Temporarily set aside science and to listen, as a child, to the ancient teaching of the Craft as it shows you how you might know yourself. If you do, this book will take you on an imaginative journey deep into that inner part of your consciousness that Freemasonry calls your soul.

Using this inspired writing device I was able to set aside my scientific views and write about the spiritual and philosophical path which I have discovered within Freemasonry and try to help my younger brethren to find it for themselves. Using Jonathan's idea of treating my thoughts as an imaginative exercise encouraged me to write a guide which simply accepts the basic premise of Freemasonry. Working the rituals can improve your soul and teach you how to become a better person. This left me free to think about the ritual steps needed to bring this about. But it means the book is unashamedly a book of spiritual Freemasonry.

You may have noticed that it is being supplied via Lewis Masonic, It offers little to the non-Mason. Indeed if you are not a Mason I warn you that the book is unlikely to appeal to you and I advise you not to bother reading it. It is totally different from any book I have ever written before. It assumes a complete knowledge of the ritual and takes for granted that any reader has experienced the degree workings within a regular lodge. It assumes you have been through the rituals and want to reflect and develop your understanding of their teaching.

I developed the material in the book as a series of Masonic lectures, some of which I did for my own lodge and some of which I recorded for the Solomon Lodge of Research in Canada. Since then I have delivered each of its chapters as separate lectures in and around the lodges of West Yorkshire, and listened to the feedback.

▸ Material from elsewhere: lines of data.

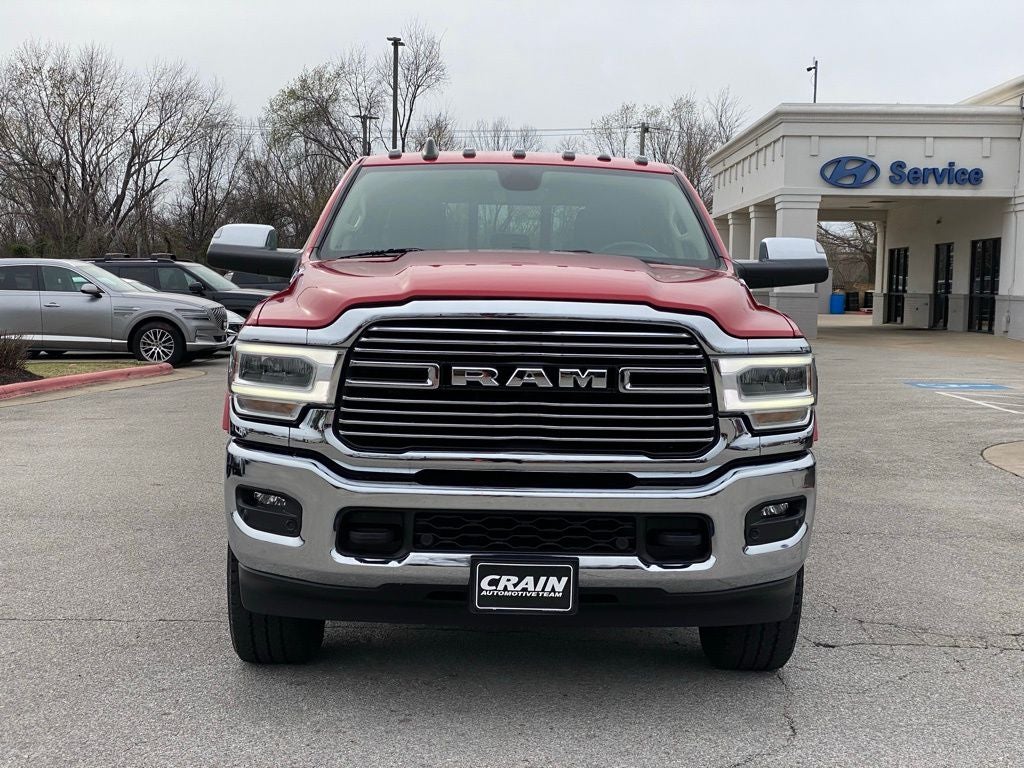 2022 RAM 3500 Laramie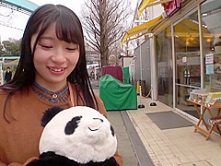 ビクビク感じるGカップ娘を口説きまくりホテル連れ込みｗ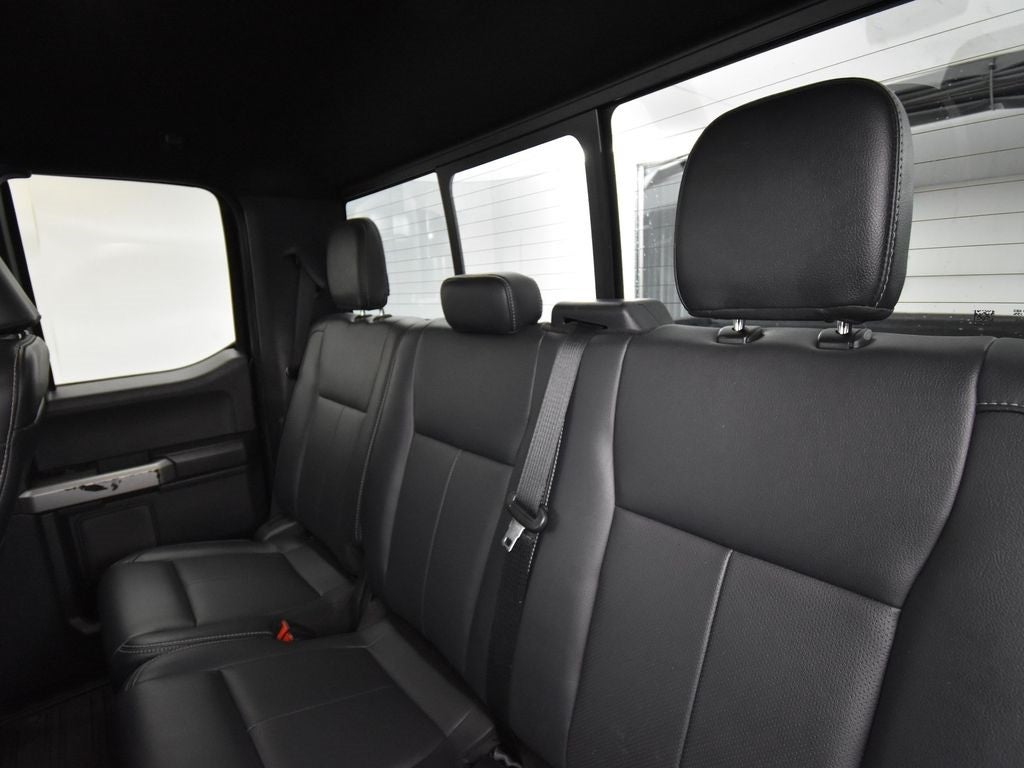 2022 Ford F-250SD Lariat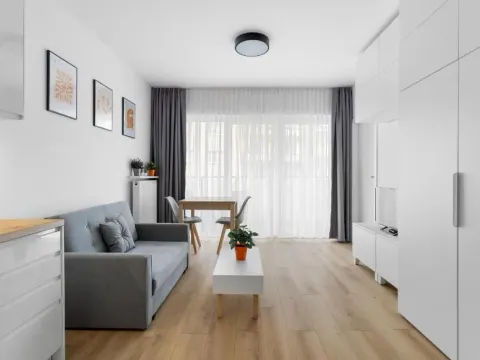 Nowoczesne i Eleganckie Studio oraz Apartament z Balkonami w Poznaniu by Noclegi Renters, photo 9 of 10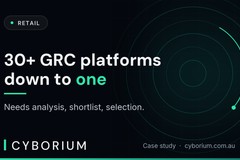 Retail: more than 30 GRC platforms reduced to one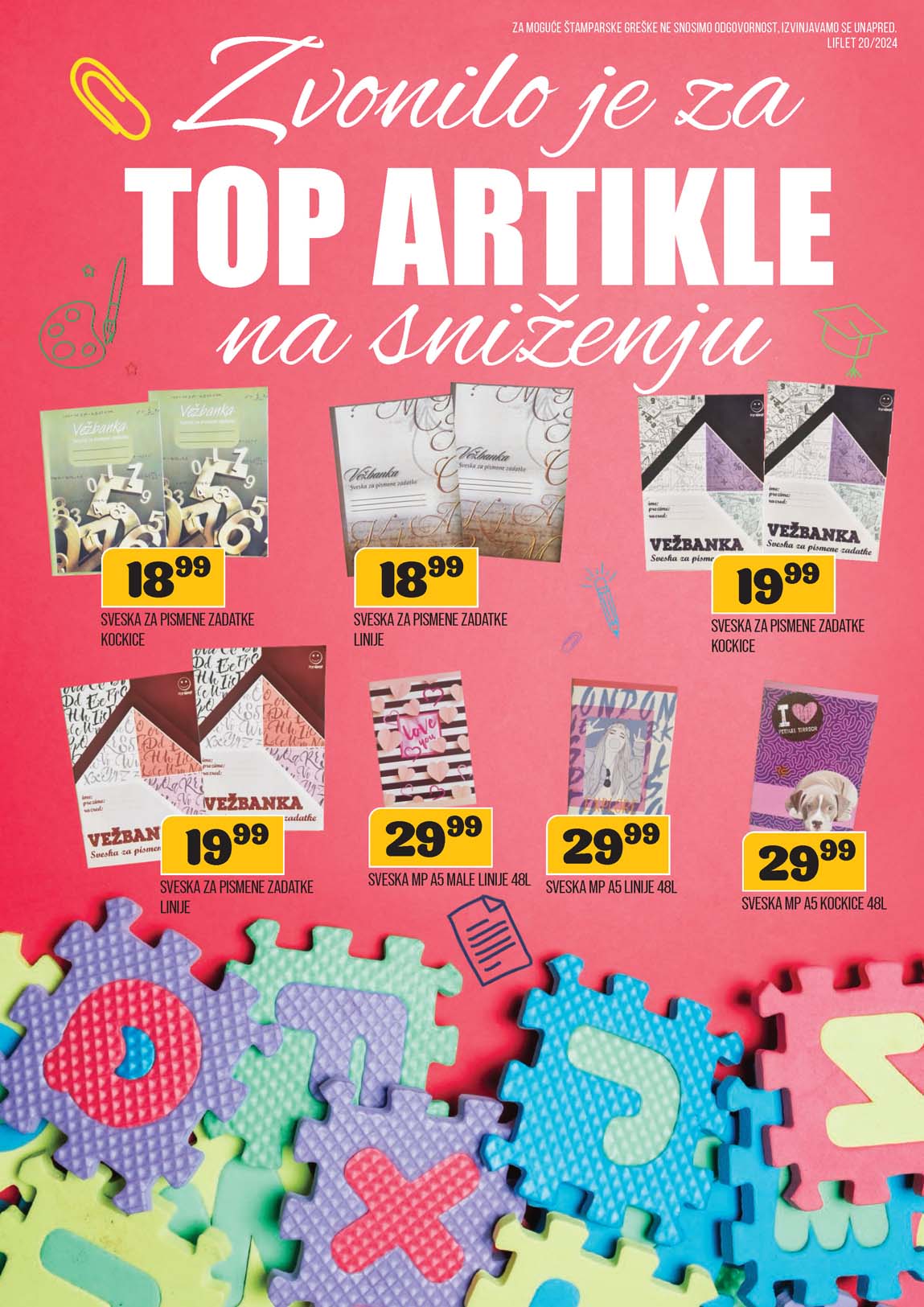 KASTRUM VIVA KATALOG AKCIJA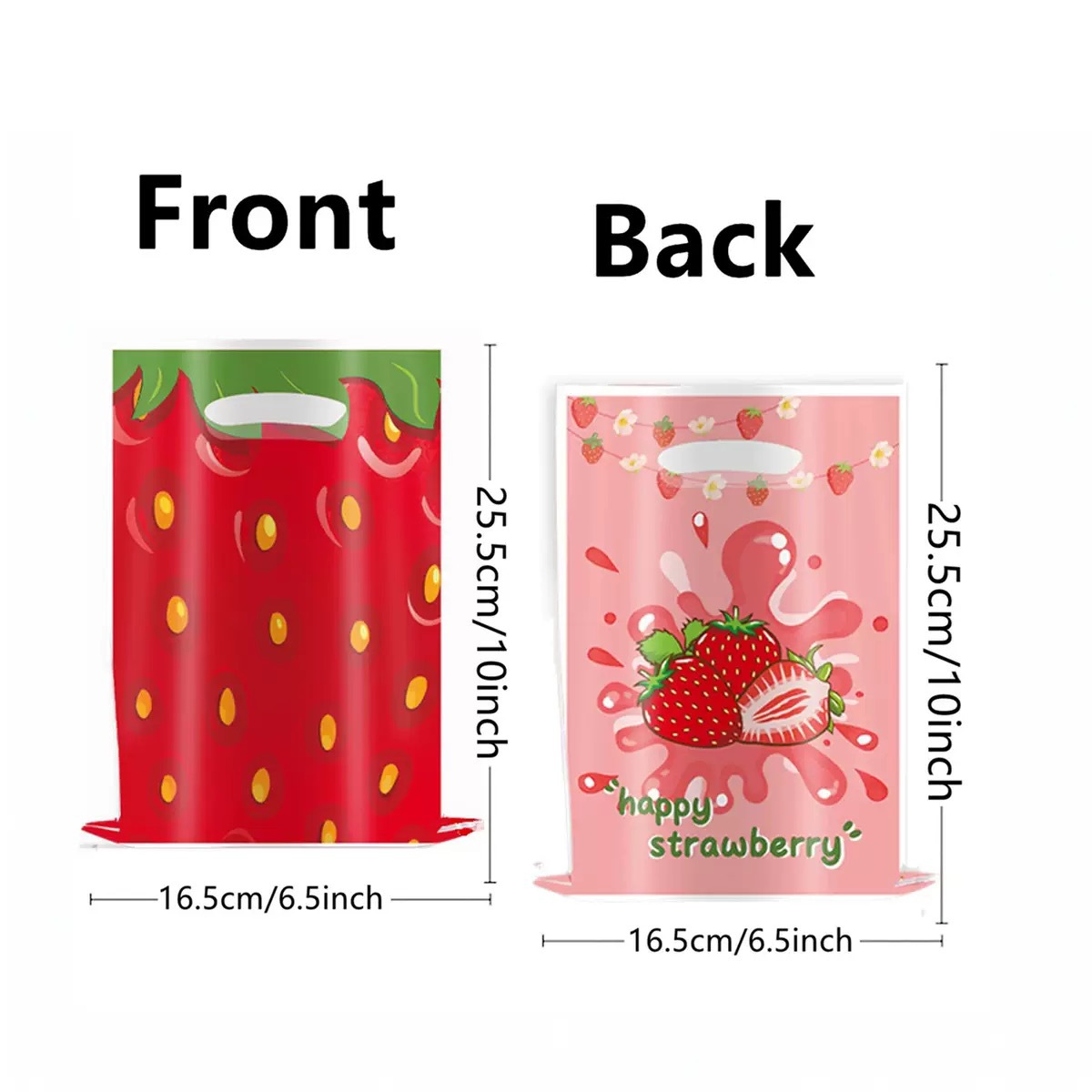 Fábrica directa bolsa de regalo de dibujos animados para niños fiesta de cumpleaños bolsa de regalo película perlada bolsa de regalo PE ahora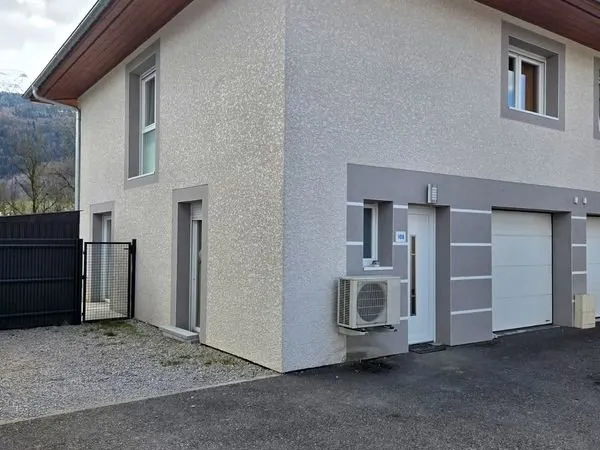 Maison 4 pièces 89 m²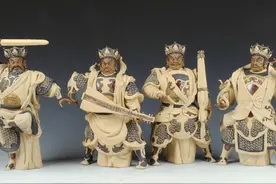 四大天王真的只是门童？他们的权利有多大？图片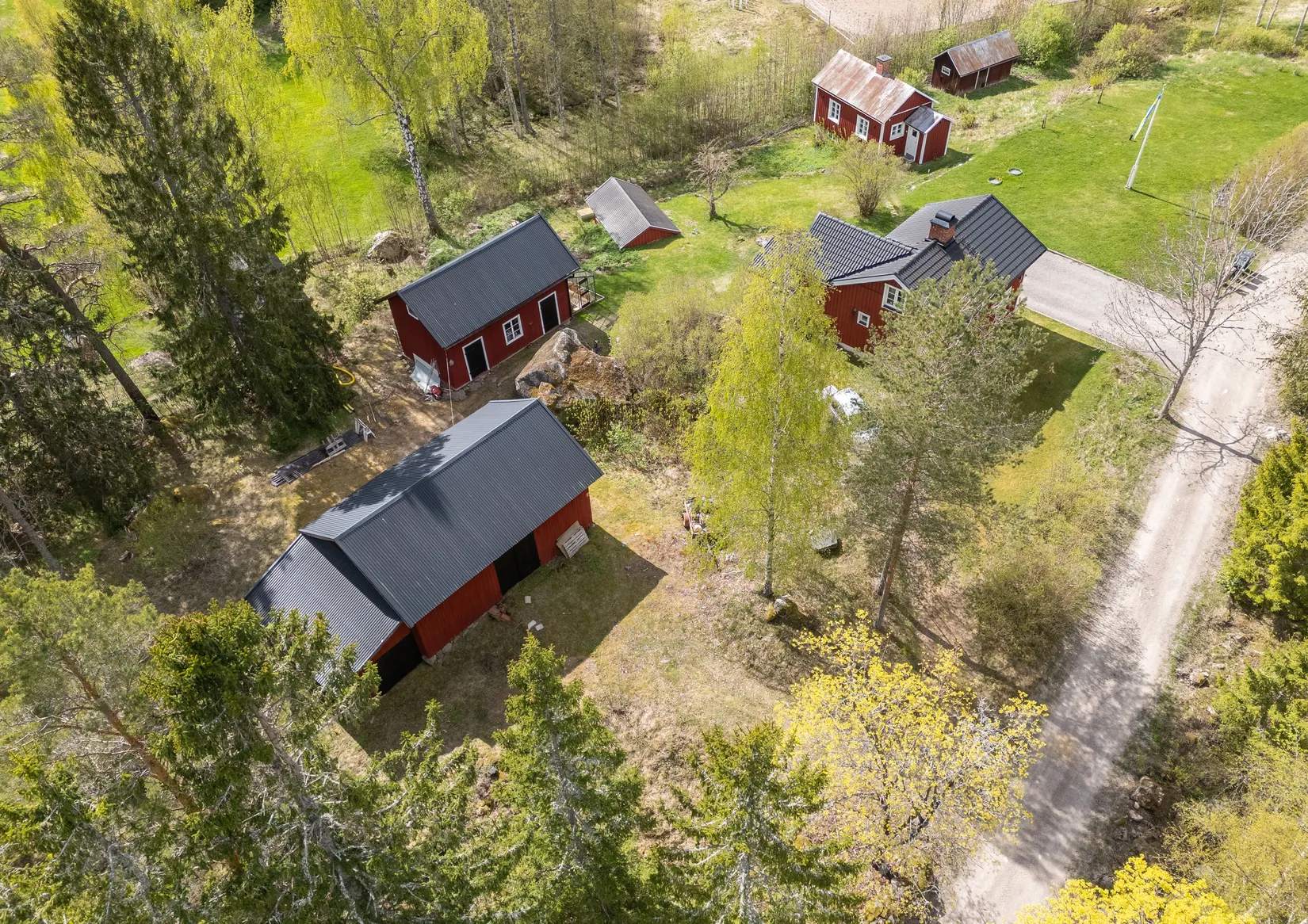 Villa, Anders Ers Väg 2, Hofors Barkhyttan, Hofors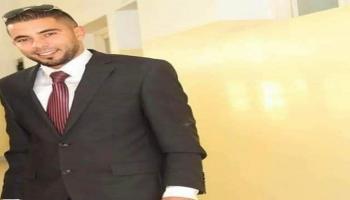 المدون الليبي المقتول الطيب جاب الله الشريري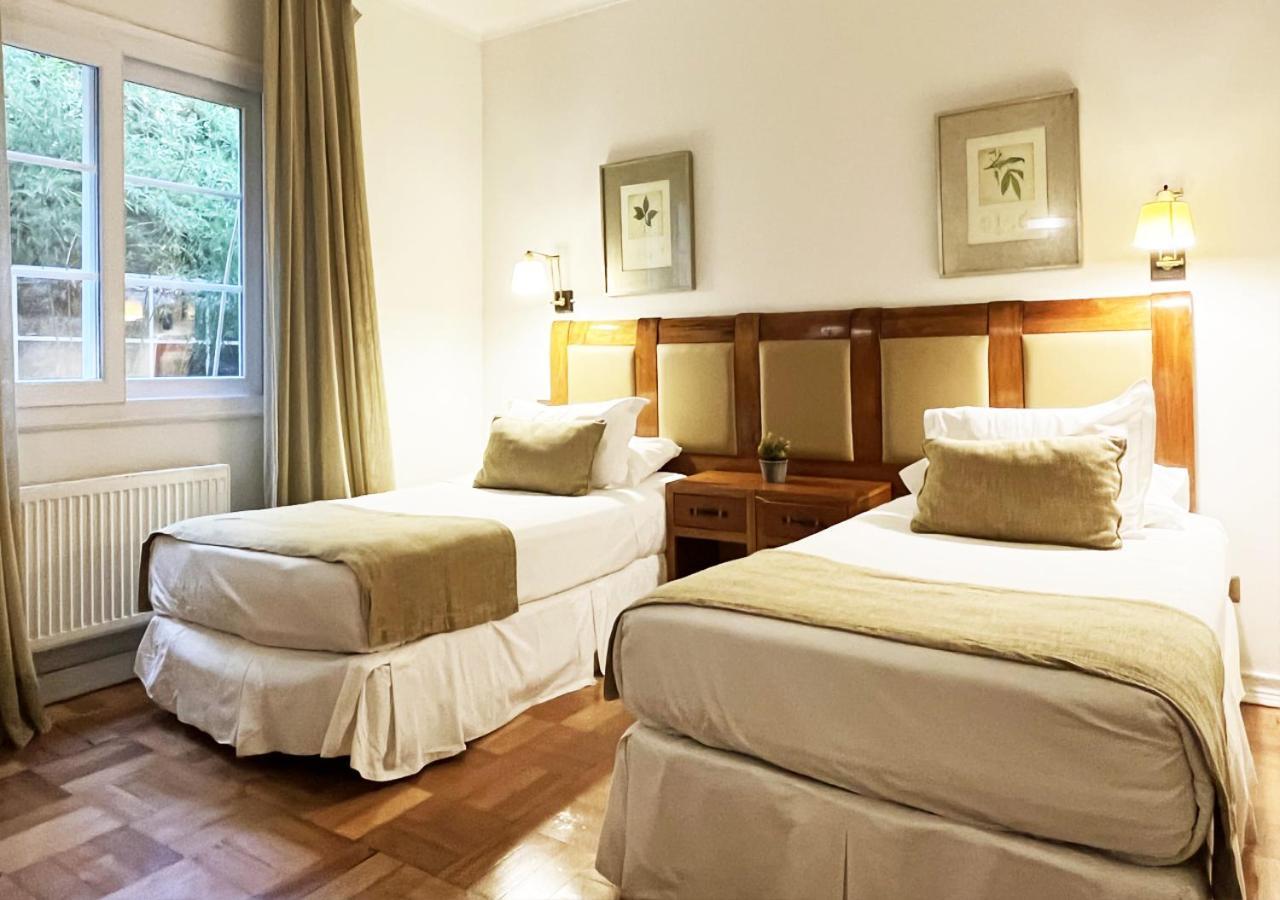 Termas De Jahuel Hotel & Spa Санта-Мария Номер фото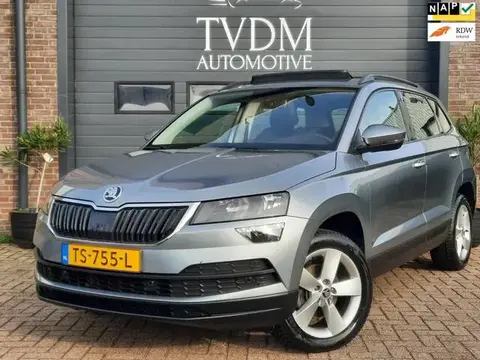 Annonce SKODA KAROQ Essence 2018 d'occasion 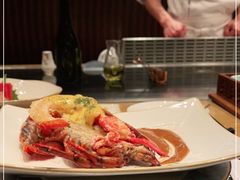 -和·铁板烧·OMAKASE(望京昆泰嘉晟酒店)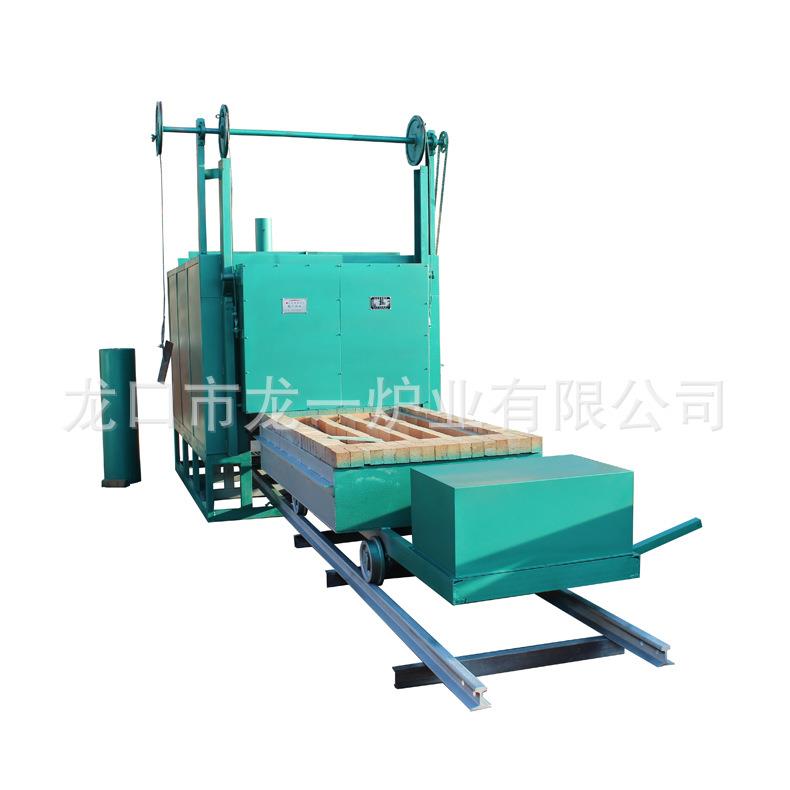 厂家销售高温台车炉台车式电炉RT3-105-9台车炉支持做各型号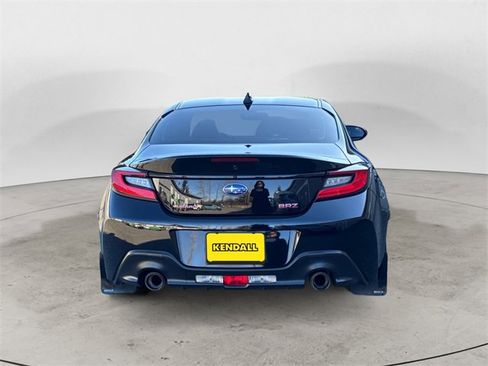 Used 2023 Subaru BRZ Limited w/ Popular Package #2 image 4
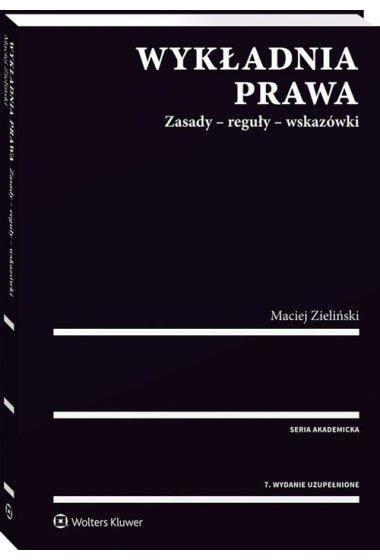 Wyk Adnia Prawa Teoria I Historia Prawa Prawo Grubytom Pl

Beware, this is an indulgent and introspective book, but I do hope that it will serve to pass on to my younger brethren in the Craft, the joy and fulfillment I have experienced as a Freemason and help guide them on their own paths to the Centre.

Turning the Hiram Key was written for the world, to try and change the public attitude to our Craft. The Secret Science has been written in particular for a newly made Mason who is very dear to me, to help him grow within the Craft but also for any of my Brethren in general who feel they might benefit from deeper reflection on the meaning and content of each of our degrees.

I've tried to write a guide book for the Masonic pilgrimage through the degrees and offices of the Craft which I would have liked to have had when I first joined. And on the seventieth anniversary of the death of Walter Leslie Wilmshurst, I am pleased to be able to build on the foundations he so ably created.